With regard to the Brochez case, former NMP Prof Eugene Tan was reported to have told the media, “Sure, he (Brochez) might have had help, but given the roles and responsibilities he was entrusted with – educator and child psychologist – it does raise the question of whether checks (across the sectors) were robust and thorough enough.”
Hiring own kinds
Then, there are foreign hiring managers “hiring their own kinds”, which raises the question if those hired “foreign talents” of the “same kinds” are truly the “very best” Chan was talking about.
In fact, many Singaporean PMETs know that discriminatory practices by foreign hiring managers have been ongoing for awhile. As far back as 2013, Singaporeans working in the financial industry were already complaining about discriminatory hiring practices. At the time, DPM Tharman and then Manpower Minister Tan Chuan Jin had to call up some banks in Singapore to ask them to stop the practice of “hiring their own kinds”. This was revealed in Parliament by Minister Tan in 2013.
It’s only in recent times that the PAP government has stepped up enforcement, especially after the ruling party has just lost 2 GRCs in the recent general election in Jul.
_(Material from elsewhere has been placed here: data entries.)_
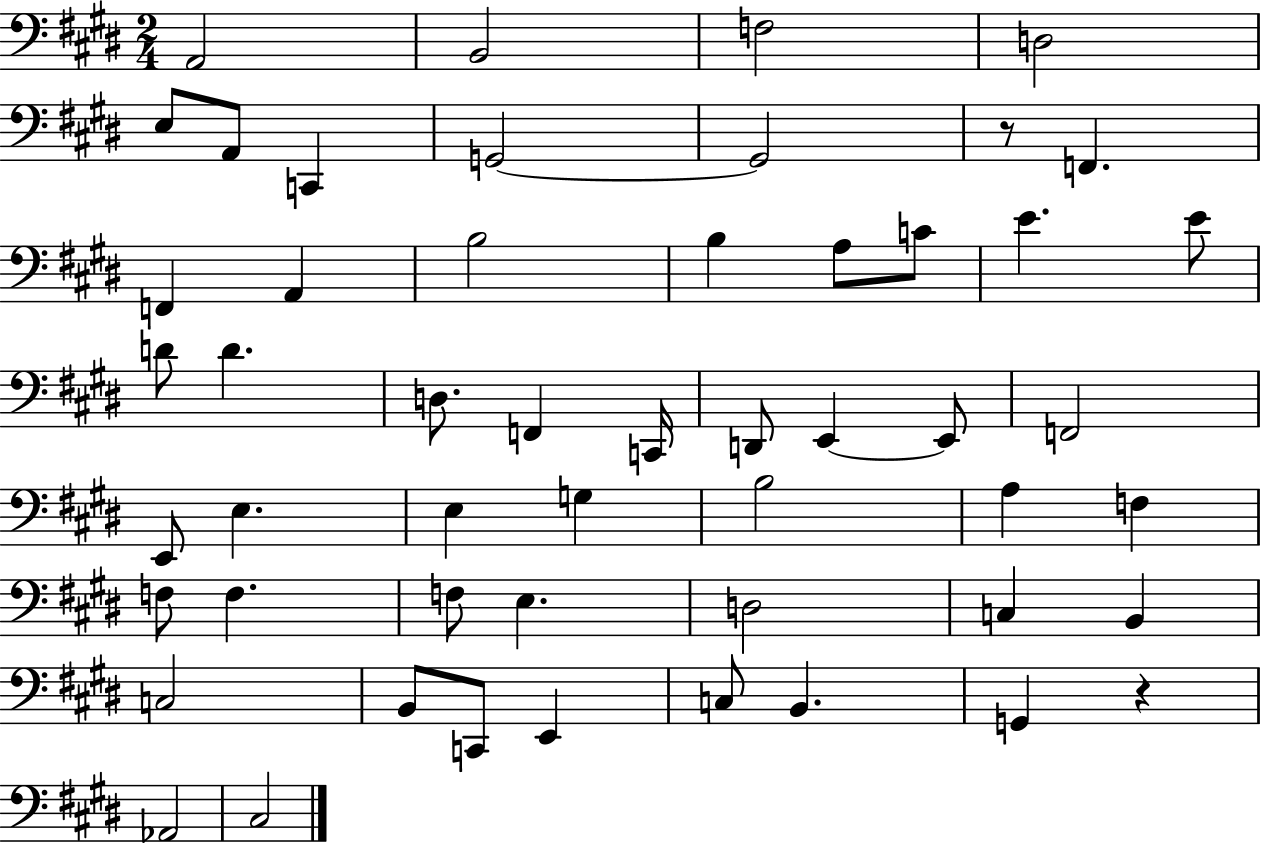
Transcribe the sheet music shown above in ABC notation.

X:1
T:Untitled
M:2/4
L:1/4
K:E
A,,2 B,,2 F,2 D,2 E,/2 A,,/2 C,, G,,2 G,,2 z/2 F,, F,, A,, B,2 B, A,/2 C/2 E E/2 D/2 D D,/2 F,, C,,/4 D,,/2 E,, E,,/2 F,,2 E,,/2 E, E, G, B,2 A, F, F,/2 F, F,/2 E, D,2 C, B,, C,2 B,,/2 C,,/2 E,, C,/2 B,, G,, z _A,,2 ^C,2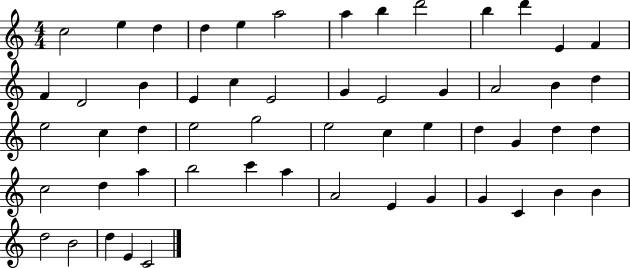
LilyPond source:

{
  \clef treble
  \numericTimeSignature
  \time 4/4
  \key c \major
  c''2 e''4 d''4 | d''4 e''4 a''2 | a''4 b''4 d'''2 | b''4 d'''4 e'4 f'4 | \break f'4 d'2 b'4 | e'4 c''4 e'2 | g'4 e'2 g'4 | a'2 b'4 d''4 | \break e''2 c''4 d''4 | e''2 g''2 | e''2 c''4 e''4 | d''4 g'4 d''4 d''4 | \break c''2 d''4 a''4 | b''2 c'''4 a''4 | a'2 e'4 g'4 | g'4 c'4 b'4 b'4 | \break d''2 b'2 | d''4 e'4 c'2 | \bar "|."
}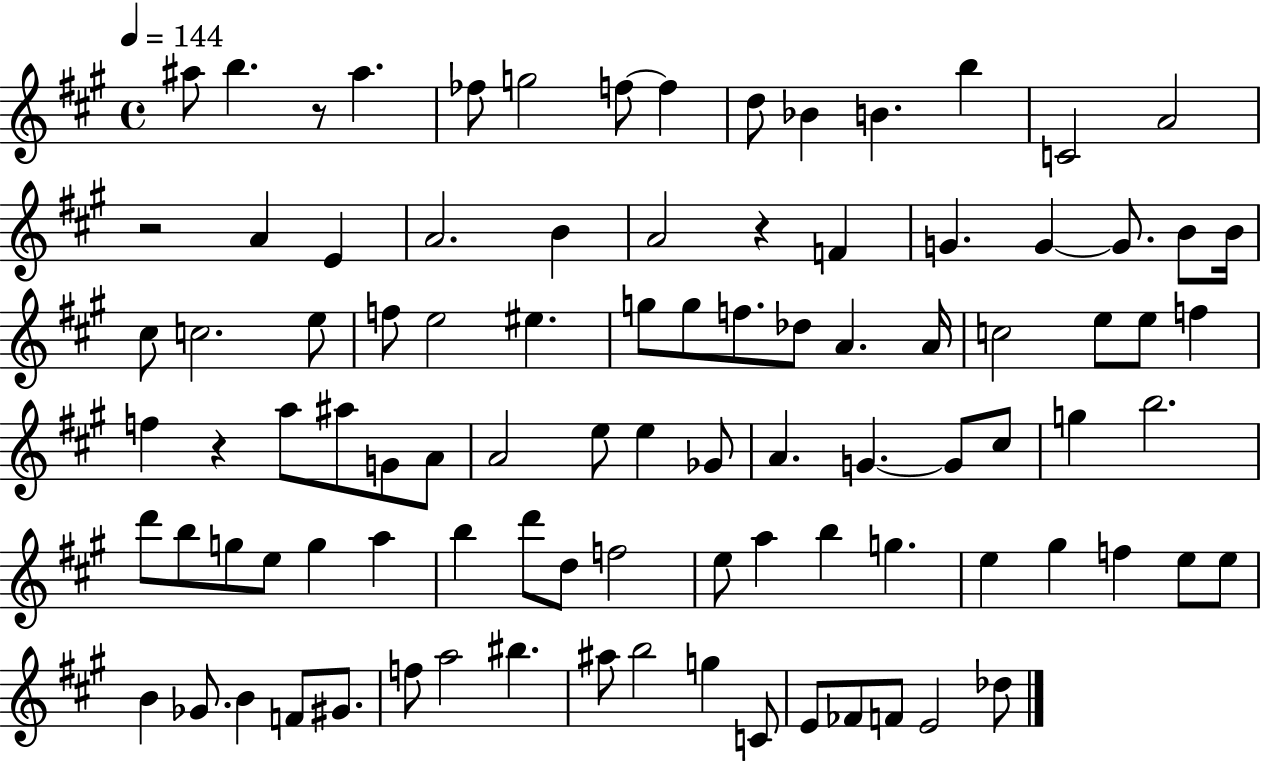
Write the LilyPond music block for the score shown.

{
  \clef treble
  \time 4/4
  \defaultTimeSignature
  \key a \major
  \tempo 4 = 144
  ais''8 b''4. r8 ais''4. | fes''8 g''2 f''8~~ f''4 | d''8 bes'4 b'4. b''4 | c'2 a'2 | \break r2 a'4 e'4 | a'2. b'4 | a'2 r4 f'4 | g'4. g'4~~ g'8. b'8 b'16 | \break cis''8 c''2. e''8 | f''8 e''2 eis''4. | g''8 g''8 f''8. des''8 a'4. a'16 | c''2 e''8 e''8 f''4 | \break f''4 r4 a''8 ais''8 g'8 a'8 | a'2 e''8 e''4 ges'8 | a'4. g'4.~~ g'8 cis''8 | g''4 b''2. | \break d'''8 b''8 g''8 e''8 g''4 a''4 | b''4 d'''8 d''8 f''2 | e''8 a''4 b''4 g''4. | e''4 gis''4 f''4 e''8 e''8 | \break b'4 ges'8. b'4 f'8 gis'8. | f''8 a''2 bis''4. | ais''8 b''2 g''4 c'8 | e'8 fes'8 f'8 e'2 des''8 | \break \bar "|."
}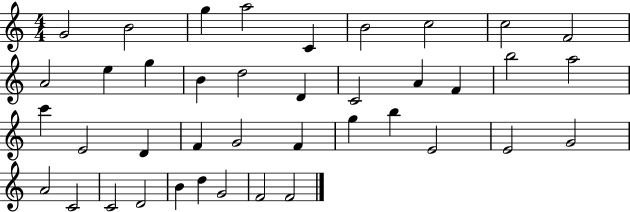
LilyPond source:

{
  \clef treble
  \numericTimeSignature
  \time 4/4
  \key c \major
  g'2 b'2 | g''4 a''2 c'4 | b'2 c''2 | c''2 f'2 | \break a'2 e''4 g''4 | b'4 d''2 d'4 | c'2 a'4 f'4 | b''2 a''2 | \break c'''4 e'2 d'4 | f'4 g'2 f'4 | g''4 b''4 e'2 | e'2 g'2 | \break a'2 c'2 | c'2 d'2 | b'4 d''4 g'2 | f'2 f'2 | \break \bar "|."
}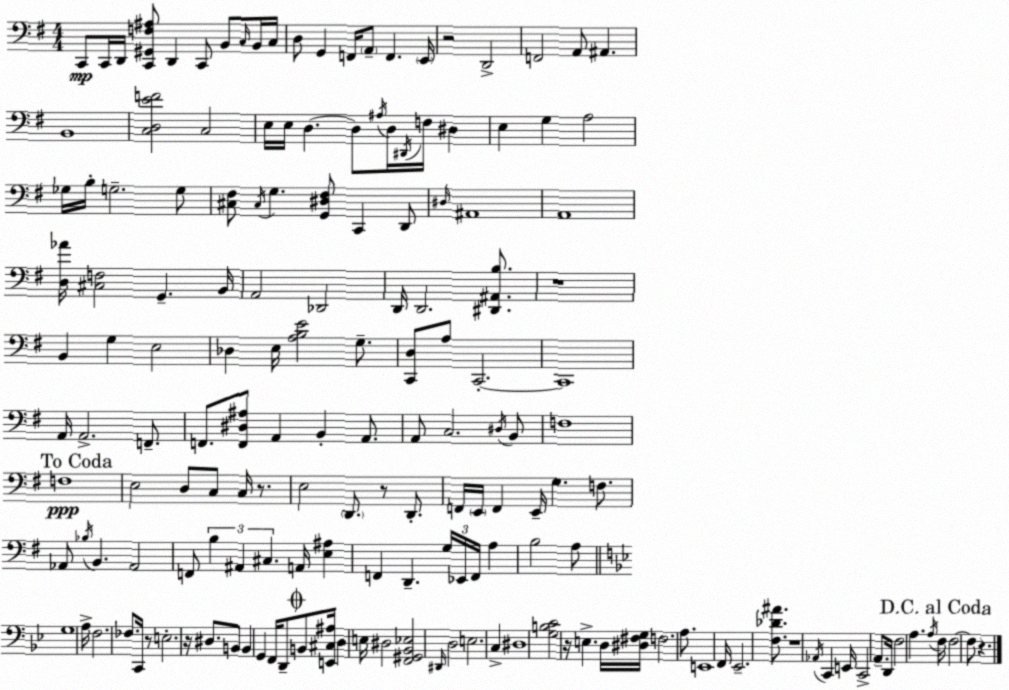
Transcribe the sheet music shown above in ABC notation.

X:1
T:Untitled
M:4/4
L:1/4
K:G
C,,/2 C,,/4 D,,/4 [C,,^G,,F,^A,]/2 D,, C,,/2 B,,/2 C,/4 B,,/4 C,/4 D,/2 G,, F,,/4 A,,/2 F,, E,,/4 z2 D,,2 F,,2 A,,/2 ^A,, B,,4 [C,D,EF]2 C,2 E,/4 E,/4 D, D,/2 ^A,/4 D,/4 ^D,,/4 F,/4 ^D, E, G, A,2 _G,/4 B,/4 G,2 G,/2 [^C,^F,]/2 ^C,/4 G, [G,,^D,^F,]/2 C,, D,,/2 ^D,/4 ^A,,4 A,,4 [D,_A]/4 [^C,F,]2 G,, B,,/4 A,,2 _D,,2 D,,/4 D,,2 [^D,,^A,,B,]/2 z4 B,, G, E,2 _D, E,/4 [A,B,E]2 G,/2 [C,,D,]/2 A,/2 C,,2 C,,4 A,,/4 A,,2 F,,/2 F,,/2 [F,,^D,^A,]/2 A,, B,, A,,/2 A,,/2 C,2 ^D,/4 B,,/2 F,4 F,4 E,2 D,/2 C,/2 C,/4 z/2 E,2 D,,/2 z/2 D,,/2 F,,/4 E,,/4 F,, E,,/4 G, F,/2 _A,,/2 _B,/4 B,, _A,,2 F,,/2 B, ^A,, ^C, A,,/4 [E,^A,] F,, D,, G,/4 _E,,/4 F,,/4 A, B,2 A,/2 G,4 A,/4 F,2 _F,/2 C,,/4 z/2 E,2 z/4 ^D,/2 B,,/2 B,, G,, F,,/4 D,,/2 B,,/2 [E,,^C,^A,]/4 D, E,/4 ^D,2 [F,,^G,,_B,,_E,]2 ^D,,/4 D,2 E,2 C, ^D,4 [G,B,C]2 z/4 E, D,/4 [^D,^F,G,]/4 F,2 A,/2 E,,4 F,,/4 _E,,2 [F,_D^A]/2 z4 _A,,/4 C,, E,,/4 C,,2 A,,/2 D,,/4 F,2 A, A,/4 F,/4 F,2 F,/2 z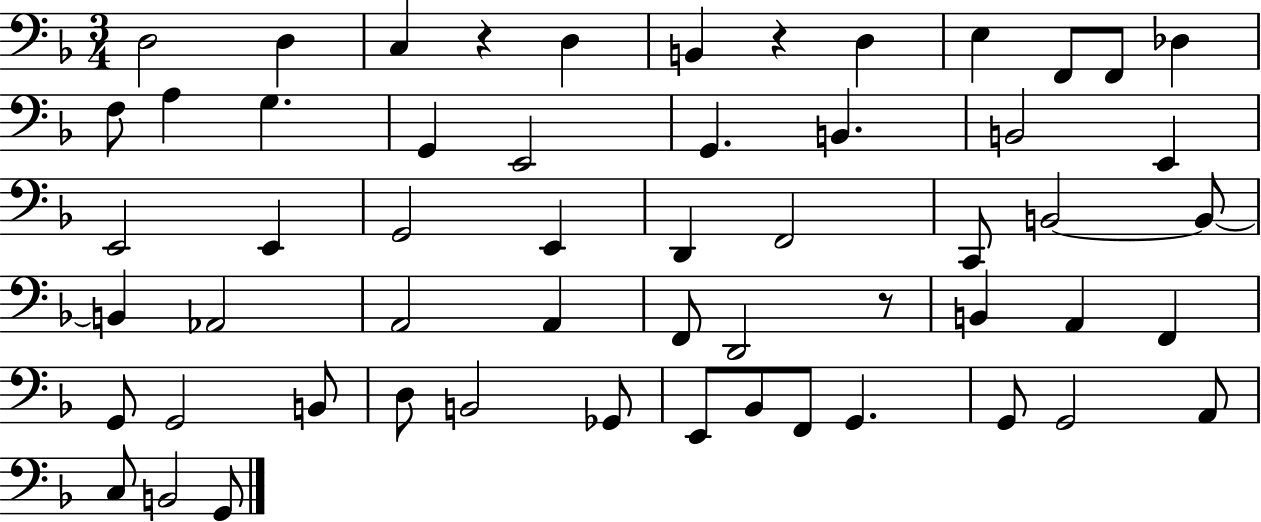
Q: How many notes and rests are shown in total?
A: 56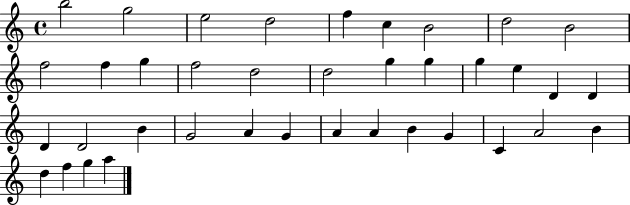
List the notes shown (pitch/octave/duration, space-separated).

B5/h G5/h E5/h D5/h F5/q C5/q B4/h D5/h B4/h F5/h F5/q G5/q F5/h D5/h D5/h G5/q G5/q G5/q E5/q D4/q D4/q D4/q D4/h B4/q G4/h A4/q G4/q A4/q A4/q B4/q G4/q C4/q A4/h B4/q D5/q F5/q G5/q A5/q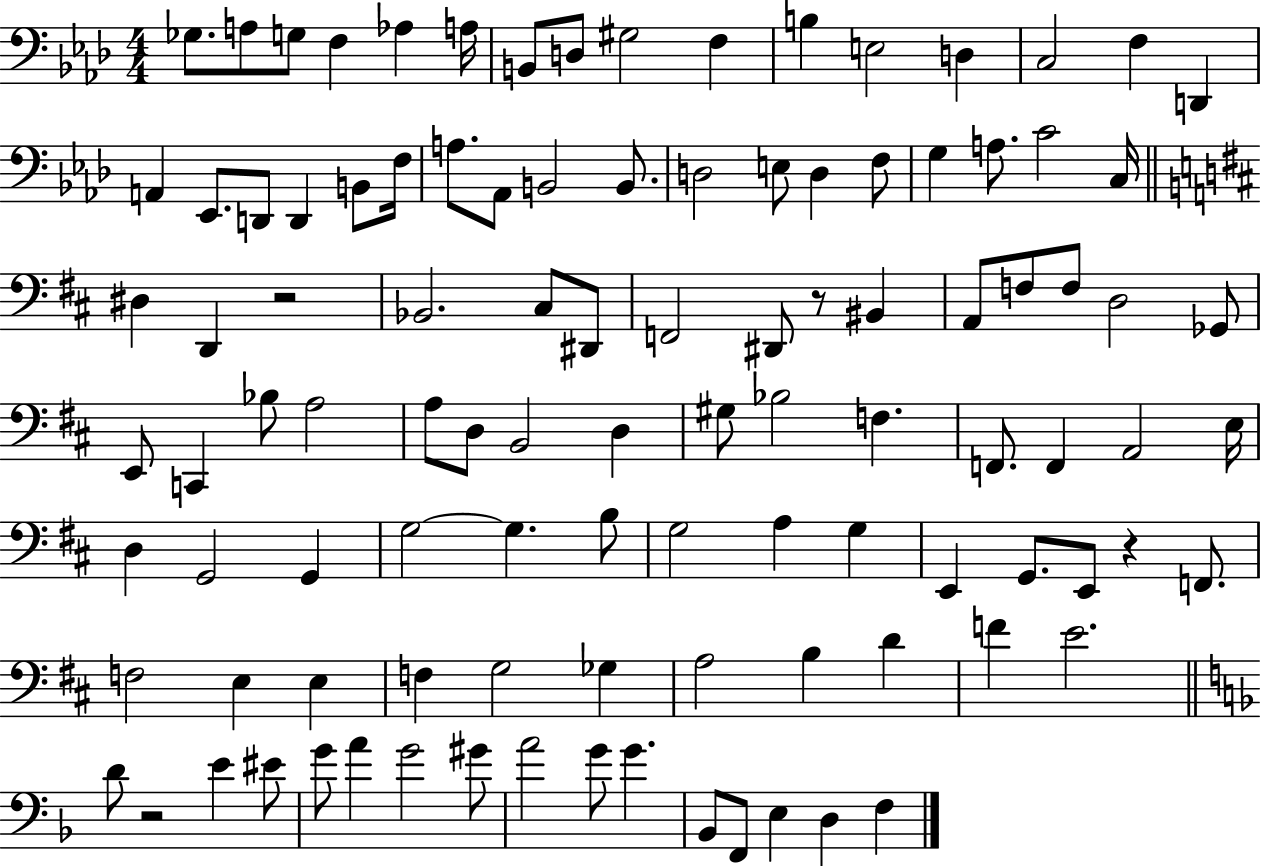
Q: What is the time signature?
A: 4/4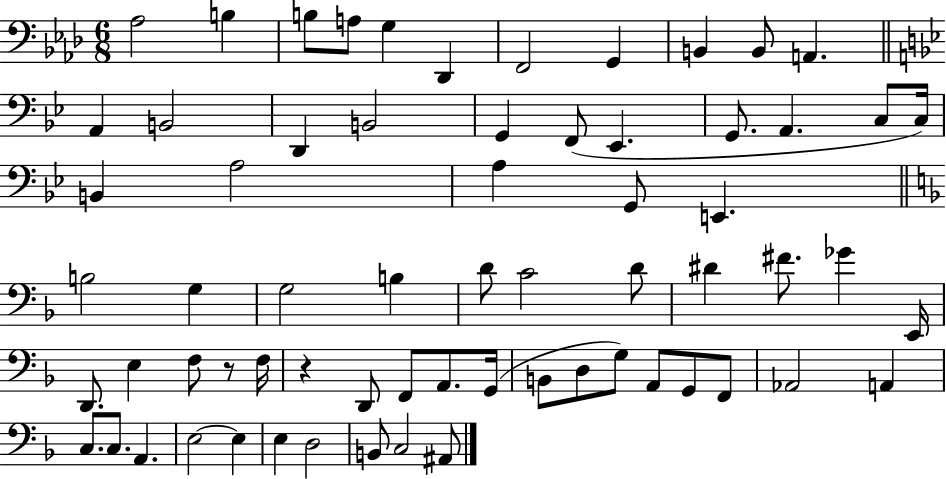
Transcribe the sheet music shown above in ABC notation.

X:1
T:Untitled
M:6/8
L:1/4
K:Ab
_A,2 B, B,/2 A,/2 G, _D,, F,,2 G,, B,, B,,/2 A,, A,, B,,2 D,, B,,2 G,, F,,/2 _E,, G,,/2 A,, C,/2 C,/4 B,, A,2 A, G,,/2 E,, B,2 G, G,2 B, D/2 C2 D/2 ^D ^F/2 _G E,,/4 D,,/2 E, F,/2 z/2 F,/4 z D,,/2 F,,/2 A,,/2 G,,/4 B,,/2 D,/2 G,/2 A,,/2 G,,/2 F,,/2 _A,,2 A,, C,/2 C,/2 A,, E,2 E, E, D,2 B,,/2 C,2 ^A,,/2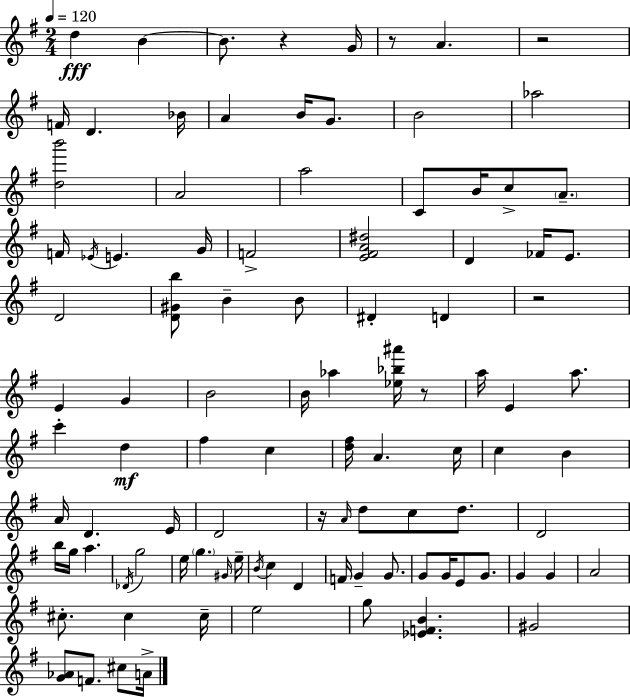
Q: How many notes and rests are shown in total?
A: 101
In Aug, MOM announced that another 47 companies with suspected discriminatory hiring practices have been placed on its Fair Consideration Framework (FCF) watchlist (‘MOM places firms with “high concentration of PMETs from single nationalities” in FCF watchlist‘, 6 Aug).
Of the 47 companies, 30 are in the financial and professional services sectors. They include banks, fund management firms, management consulting companies, as well as firms that provide project management and engineering services.
MOM acknowledged that all 30 of the financial and professional services employers have a “high concentration of PMETs from single nationalities”. In one financial institution, almost three-quarters of their PMETs are of the same nationality and in another bank, almost two-thirds of the PMETs are also of the same nationality, MOM revealed.
MOM did not name the companies or the nationalities involved. It added that another 240 firms are under investigation for possible pre-selection of foreigners or not adhering to the spirit of the job advertising requirement under FCF.
This high concentration of PMETs from single nationalities was so prominent that even West Coast GRC MP Ang Wei Neng lamented in Parliament (31 Aug) that he felt “like a foreigner in my own country” when he visited the Changi Business Park prior to the coronavirus pandemic (‘MP Ang Wei Neng takes 9 yrs to feel like a foreigner in own country when visiting Changi Business Park‘).
He told Parliament that when he entered a lift, he noticed that the “well-dressed” people around him were “apparently foreigners” and speaking in a language foreign to him.